Some Risks to Consider

Those who do would be wise to remember that the point of a "test" is that you are testing something that runs the risk of "Bad Things" happening. You might not be able to think of any risks, but that's because you don't - and can't - know what those are...until you run your tests. Some of the Bad Things that can happen include:

Logical Data Corruption

In the case of INSERT and UPDATE statements, these are by their very nature likely to create records with spurious or malformed data, or that doesn't implement referential integrity correctly. Moreover, the bad data can break logical assumptions that previously tested and well-behaved applications hold about the data. Should an application encounter a faulty record, it may result in anything from "wrong answers" to crashing your entire site until the corruption is identified and manually fixed.

Performance Degradation

A common scenario is that your test app is doing a table scan that you didn't identify in your dev instance because it only contains about 10,000 records, compared to the 100 million in production. Once your application commences a table scan on one or more core tables, your prod database can become deadlocked until you kill the queries one-by-one. Worse still, once your app has used up all the available database connections, you won't even be able to open a command shell on the database to kill the queries.

Locking Issues

If you were to forget to COMMIT a transaction, you could wind up locking half the database because you have uncommitted multi-statement transactions sitting in your database connection pool. As a result, the customer operations could time out and randomly deadlock.

End Users See Wrong Data

Bad data is a problem at many levels. The badness can range from selling inventory that you don't have to having user accounts without passwords that open you to hacks. A related concern is forgetting to delete test users. Since you're probably the only one who knows about them, they're likely to stick around until a hacker manages to discover your "test123" user with the "password123" password.
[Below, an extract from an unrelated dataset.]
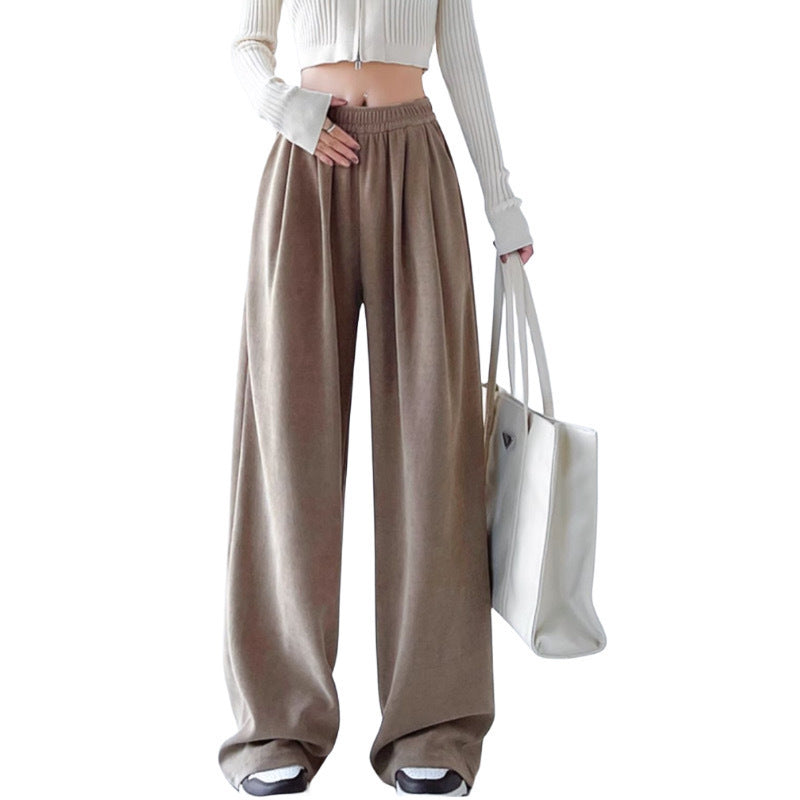 Casual Straight-leg Maillard Brown Wide-leg Pants For Women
Unknown and Undefined Risks

The are countless other scenarios of disaster and destruction that are limited only by your imagination or those of higher powers who enjoy watching us suffer and struggle...

Conclusion

Never think that because you "understand" your code that bad things can't happen. Down that path lies madness. You may get away with your shenanigans for a while, maybe even a good while. Nonetheless, the day will come when things go badly, and when they do, they will go very badly.